ISLAMABAD, August 23: Three Arab ``parties'' paid Pakistan at least 1,000 million dollars for its nuclear project after former Pakistan premier Zulfikar Ali Bhutto convinced them during 1972-74 that the project would produce an Islamic bomb, Egypt's scholar-editor Mohammad Hassenein Heikal has revealed in a recent article of Al Arabi.Heikal's article in the Arabic-language daily does not identify the three Arab parties, but, suggests that a lurking fear of the Israeli bomb made the idea of an Islamic bomb attractive to them. But in Heikal's view removal of the then premier, Bhutto, from power in 1977 and his subsequent execution indicated that the Arab donors to the Pakistani bomb now wanted to hide their commitment to the so-called Islamic bomb. In other words, these un-named contributors to the Pakistani nuclear project wanted Bhutto to go, and with him, the secret of their commitment to the bomb.

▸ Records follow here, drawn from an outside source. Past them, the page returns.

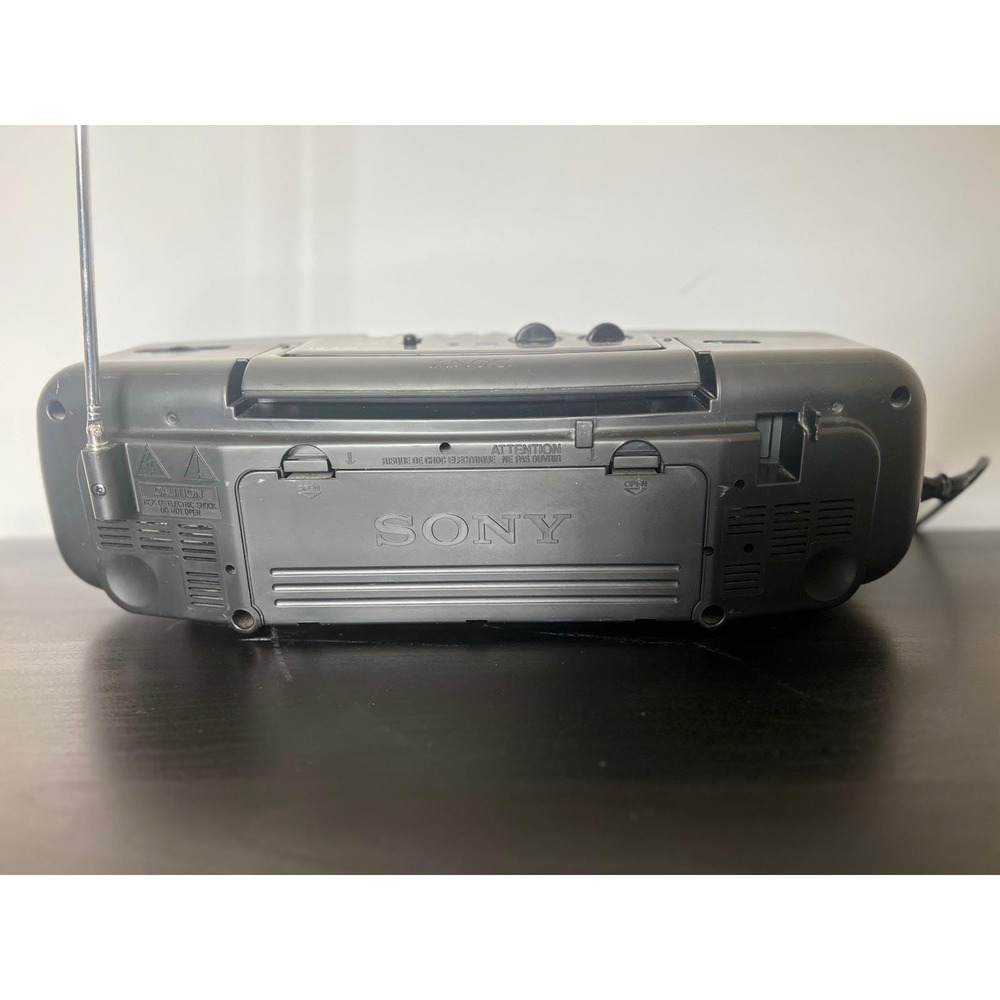 Sony CFS-B11 Boombox Black Radio Cassette AM FM Vintage Portable Audio-Read - Picture 6 of 8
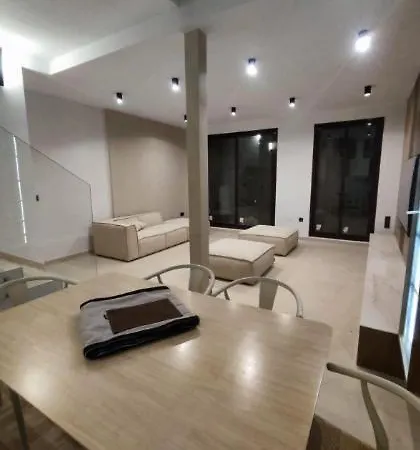 Elisol Macenas Apartment *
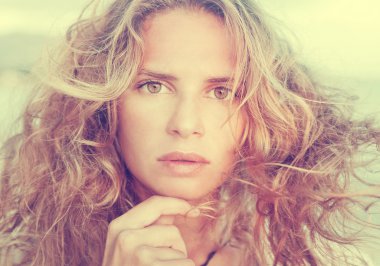 saç uçan ile güzel bir genç kadın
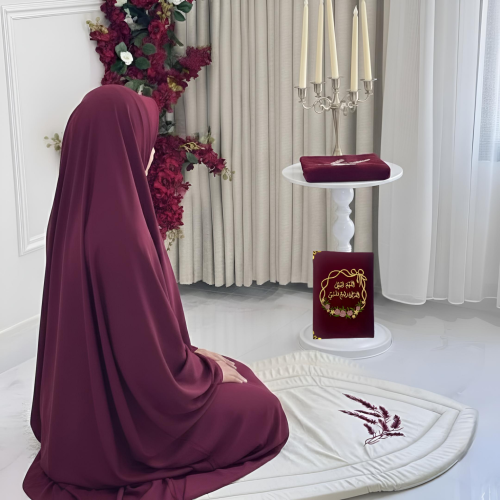 طقم شراشف صلاة لون عودي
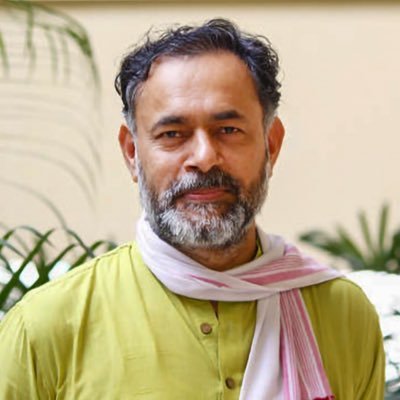বিরোধীদের ‘ক্ষমতা দখল’ নয়, ‘প্রজাতন্ত্র পুনরুদ্ধার’-এর ডাক যোগেন্দ্র যাদবের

But the Arab connections with the Pakistani bomb did not end here: During the Afghan war in the 1980s,when Gen Ziaul Haq ruled Pakistan, about 400 million dollars were transferred to the Pakistani nuclear programme from the money allocated by some Arabs for ousting the soviets from Afghanistan.
Then CIA chairman William Gates, who remonstrated about it with the Pakistani government, was pacified by the reply that it was a Jehad against communism.
Those who support the Pakistani case, after the May nuclear tests, say that Pakistan is subjected to international sanctions because of the Islamic bomb and that these sanctions will affect Pakistan more than they will to India. Hence the need for Arab assistance for Pakistan.
Pakistan, too, has tried to create an impression that its nuclear project is linked to the Arab-Israel conflict. To give another dimension to this impression Pakistan has also made vague suggestions of an Israel-India linkup in the nuclear strategy. Bhutto's confidant Maulana Kauser Niazi was the first Pakistani who revealed in his book Aur line cut gai in 1987 that Bhutto hadpersuaded some Arab countries to fund Pakistan's nuclear programme during early 1970s.